Braley Dodson | Daily Herald
The $1 displayed on the cutout of the spaceship wasn’t impressing the students of Central Elementary School in Pleasant Grove. Neither was the $10 revealed when another cover was pulled to show the next number in the donation. And then the next zero was uncovered, and the next, and the next, until the spaceship revealed the final $1 million and students launched into eruptive yelling in celebration.
The $1 million commitment from the Edward St. John Foundation toward the rebuild of the Christa McAuliffe Space Center at Central Elementary School is the first major gift and boost toward the $4 million the Alpine School District hopes to raise for the project.
The $1 million commitment is part of a four-year pledge from the foundation to match dollar-for-dollar funds raised by the Alpine School District.
The hope is for the seven-digit commitment to help spur others toward donating to the project.
“It helps people know this is something they can contribute to and it’s happening,” said James Porter, the director of the space center.
The elementary school and the space center will be rebuilt starting next year. Construction is expected to be complete in 2020. Funding for the elementary school’s rebuild is being funded through the district’s 2016 bond.
The donation was revealed during an assembly at the school Monday afternoon that featured a man in a space suit, renderings of the new facility and U.S. Rep. John Curtis, R-Provo, sharing the importance of science and his memory of being a 9-year-old watching Neil Armstrong walk on the moon from his grandfather’s television.
The Edward St. John Foundation, located out of Baltimore, got connected with the Alpine School District because its parent company, St. John Properties, owns property in Utah County.

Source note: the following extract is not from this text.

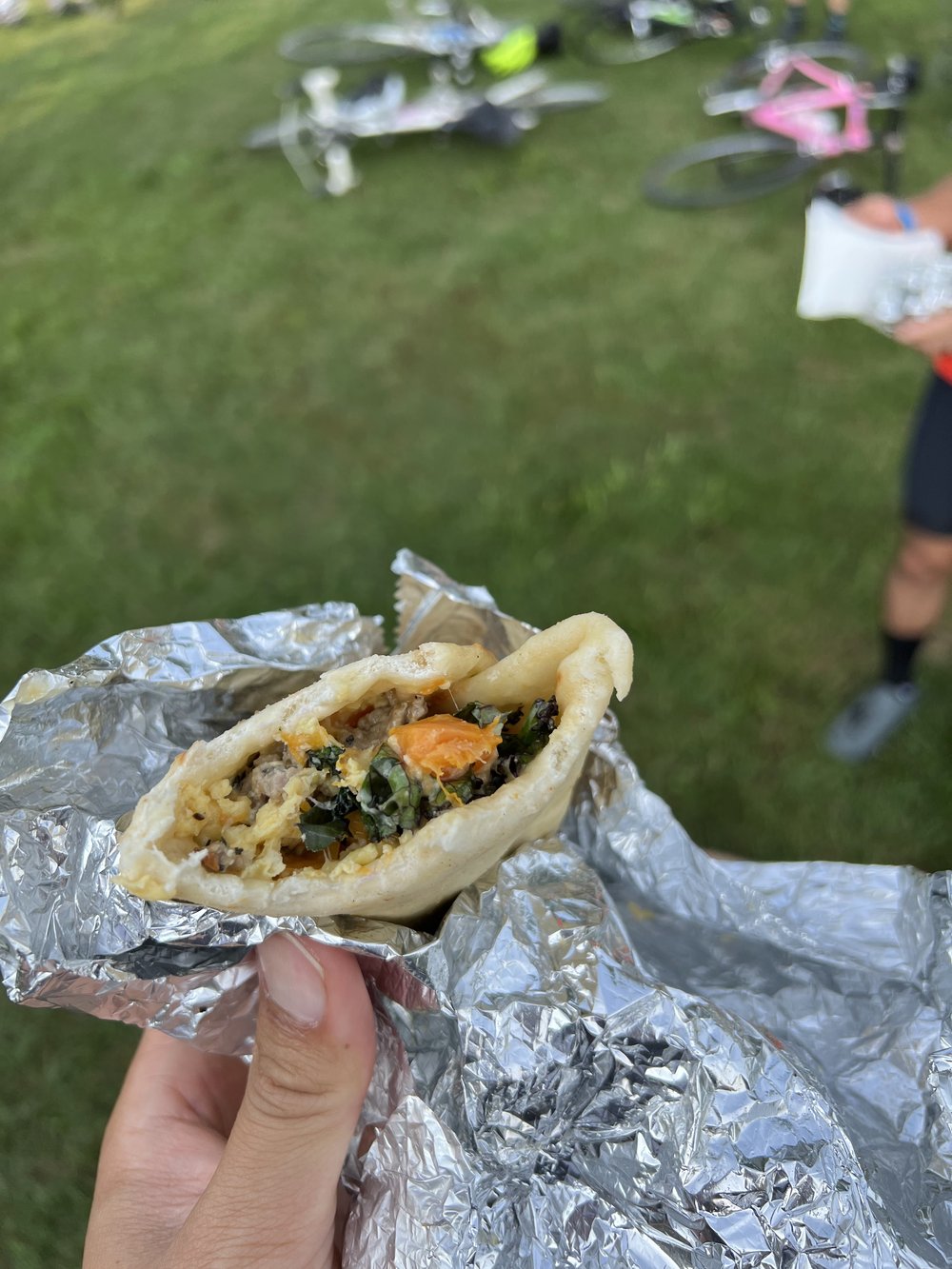  one of the delicious food vendors, naan breakfast wrap 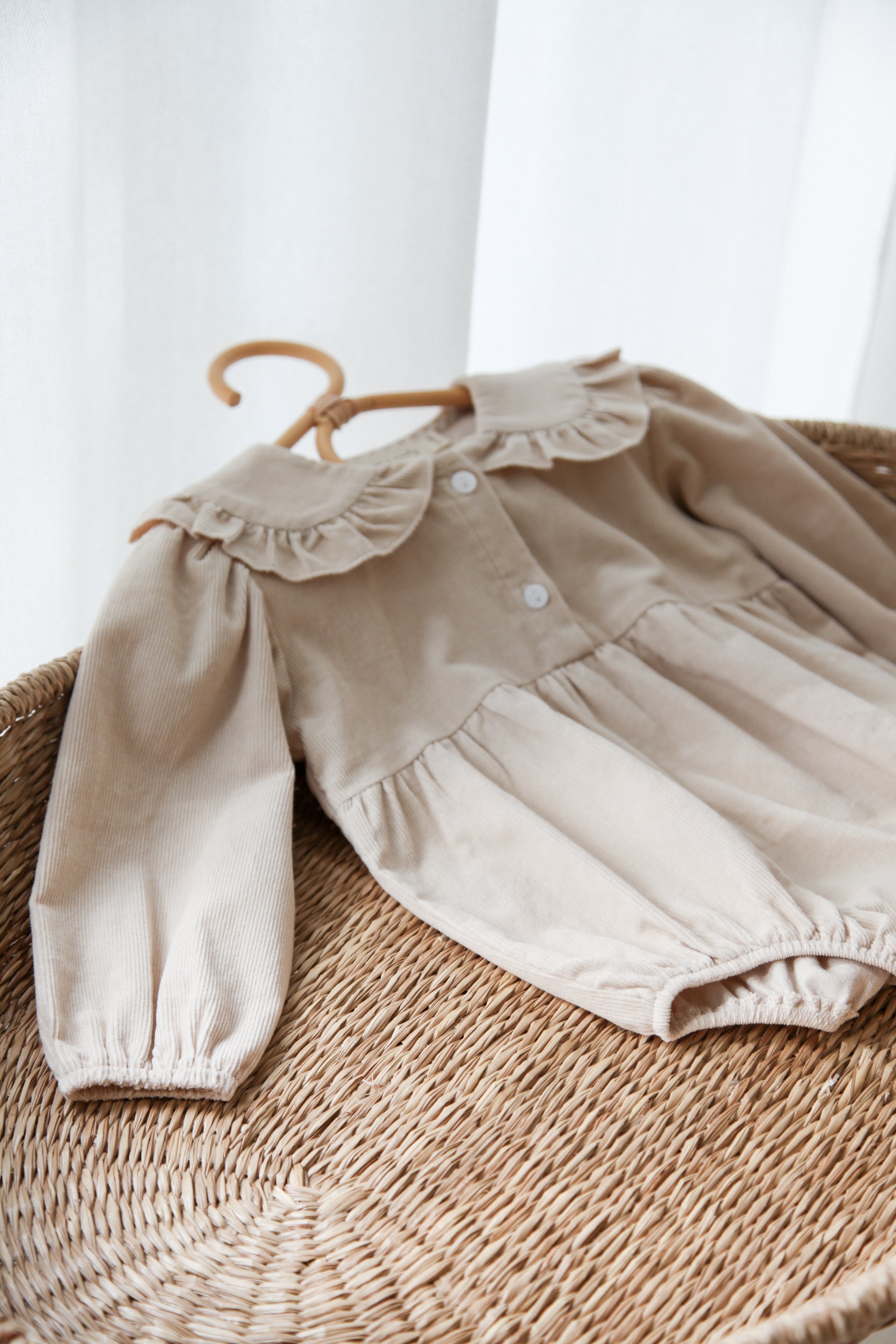 WHOLESALE Stone/Cord Oversize Frill Collar Romper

Daniel Thomas, the regional partner for St. John Properties representing the Edward St. John Foundation, said 7.5 percent of the company’s net revenue goes to the Edward St. John Foundation, which funds educational causes.

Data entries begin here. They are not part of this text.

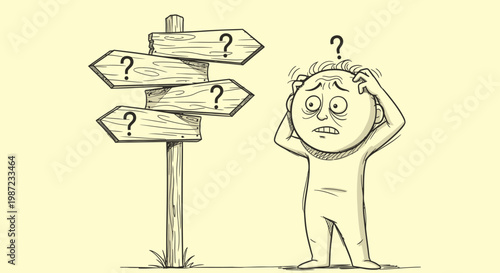 Confused man at a crossroads with question marks.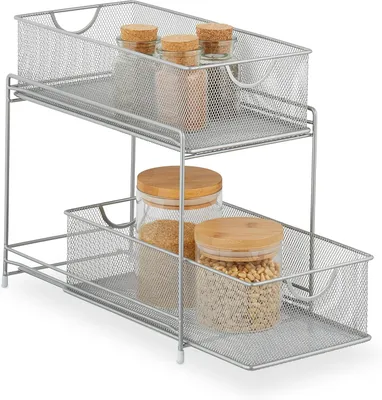 Image de Organisateur de cuisine - 2 paniers coulissants - Étagère de salle de bain en métal - 32x19x35,5 cm - Organisateur de placard - Argent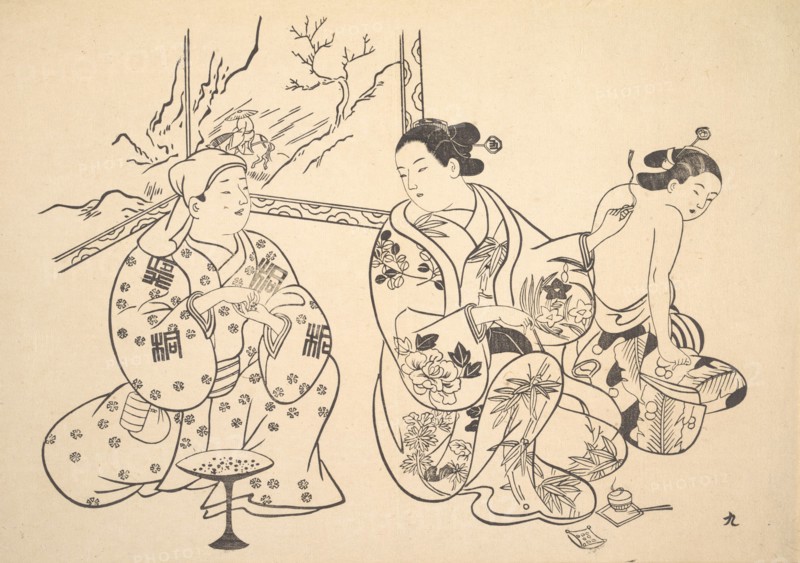 An Oiran Seated in a Parlor Applies the Fire Treatment to the Bared Back of Another Woman. Creator: Unknown.
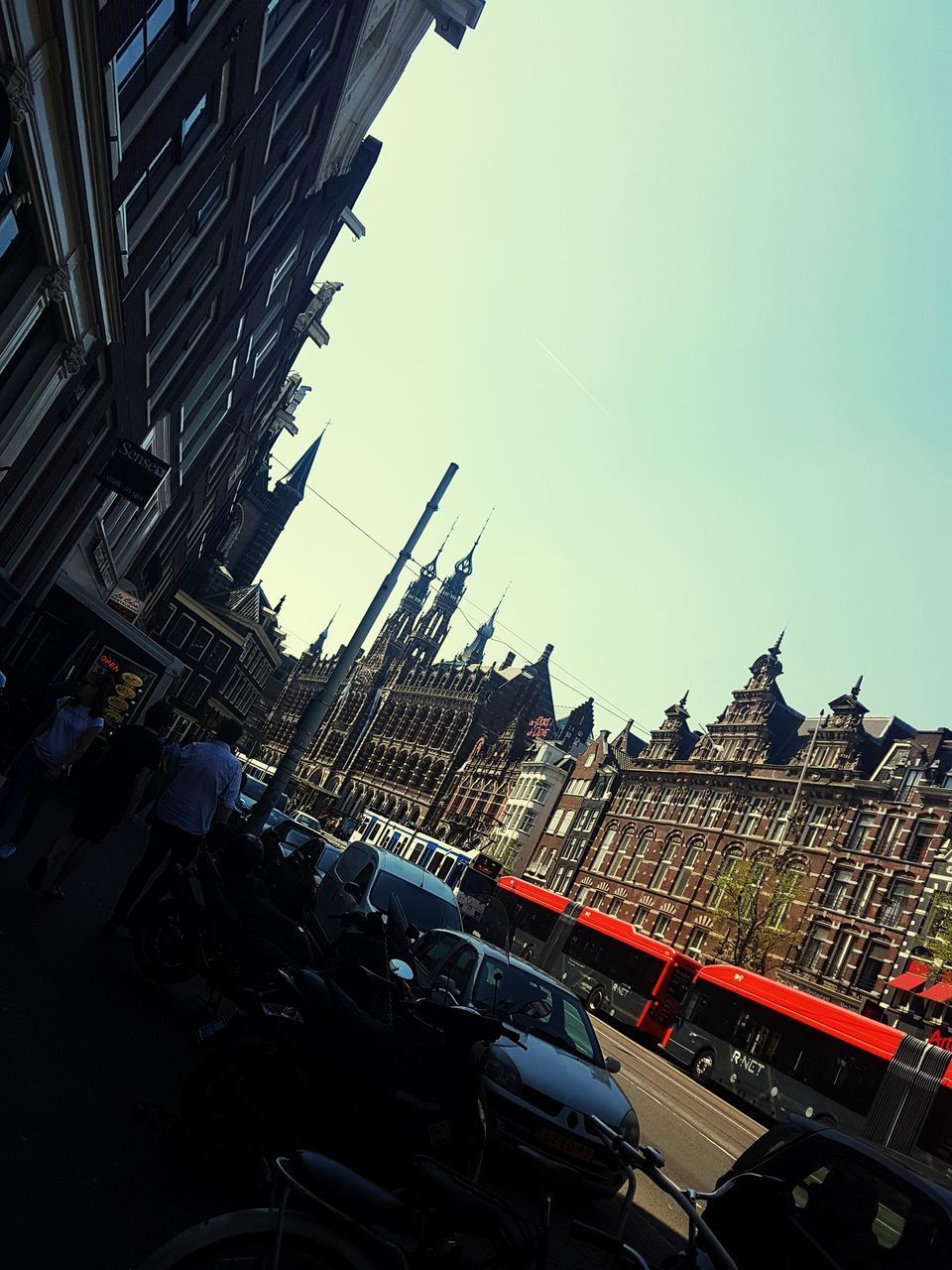 BUILDINGS AGAINST CLEAR SKY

He said the foundation is supportive of the space center’s mission and model.
“You walk into the room and you say this is the classroom you dreamed of as an elementary kid,” Thomas said.
The foundation had previously given a $5,000 donation to Pleasant Grove High School athletics.
Hundreds of thousands of people have gone through the school’s space center, which simulates space missions to test various skills. A rebuilt center will include a planetarium dome and will increase both the center’s capacity.
It will also expand its material to appeal to more age groups.
“This lets us inspire kids at a younger age,” Porter said.
The center has increased its fundraising goal from $800,000 to $4 million. Porter said the increase will add both capacity and quality to the center and will allow the most current information to be available to patrons.
Finding out about the donation, Porter said, was seeing a dream fulfilled.
Any funds raised over the $4 million mark will go into an endowment for the space center, according to Tim Eisenhart, the executive director of the Alpine School District Foundation.
Eisenhart made a call for action for others to donate and said that the center’s patrons come from across Utah.
“It impacts the state,” Eisenhart said.